But 9/11 and the wars that followed have made pols reluctant to reveal feminine sides. Howard Dean struts and attacks like a bantam, and wonky Bob Graham paid half a mil to plaster his name on a Nascar truck.
Out-he-manning the cowboy-in-chief, Arnold Schwarzenegger strides into the arena in a cloud of cordite, cigar smoke, Hummer fumes and heavier bicep reps.
Spike TV, the first men's channel, offers "Baywatch," a Pamela Anderson cartoon called "Stripperella," "The A-Team," "American Gladiators," "Car and Driver" and "Trucks!"
Conservatives want to co-opt all this free-floating testosterone and copyright the bravery shown on 9/11. They disparage liberals as people who scorn "traditional" male traits and sanction gay romance.
The cover of the American Enterprise Institute's magazine bellows: "Real Men: They're Back."
A round-table discussion by conservative women produced the usual slavering over W. in his flight suit and Rummy in his gray suit.
"In George W. Bush, people see a contained, channeled virility," said Erica Walter, identified as "an at-home mom and Catholic writer." "They see a man who does what he says, whose every speech and act is not calculated."
Yeah. Nothing calculated about a president's delaying the troops from getting home and renting stadium lights so he can play dress up and make a movie-star landing on an aircraft carrier gussied up by his image wizards, at a cost of a mil.
Kate O'Beirne of The National Review gushes: "When I heard that he grew up jumping rope with the girls in his neighborhood, I knew everything I needed to know about Bill Clinton. . . . Bill Clinton couldn't credibly wear jogging shorts, and look at George Bush in that flight suit."
On the men's round-table, David Gutmann, a professor emeritus of psychology at Northwestern, notes that Mr. Bush "bears important masculine stigmata: he is a Texan, he is not afraid of war, and he sticks to his guns in the face of a worldwide storm of criticism."
Stigmata, schtigmata. Shouldn't real men be able to control their puppets?

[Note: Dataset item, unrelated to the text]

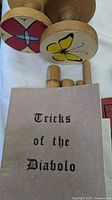 Wooden diabolo ends, handsticks and Tricks of the Diabolo booklet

The Bush team could not even get Ahmad Chalabi and the Iraq Governing Council to condemn the U.N. bombing or feign putting an Iraqi face on the occupation. The puppets refused because they didn't want to be seen as puppets.
Shouldn't real men be able to admit they made a mistake and need help? Rummy & Co. bullied the U.N. and treated the allies like doormats before the war, thinking they could do everything themselves, thanks to the phony optimistic intelligence fed to them by the puppet Chalabi. No wonder they're meeting with a cold response as they slink back.
Shouldn't real men be reducing the number of Middle East terrorists rather than increasing them faster than dragon's teeth?
Could the real men please find some real men?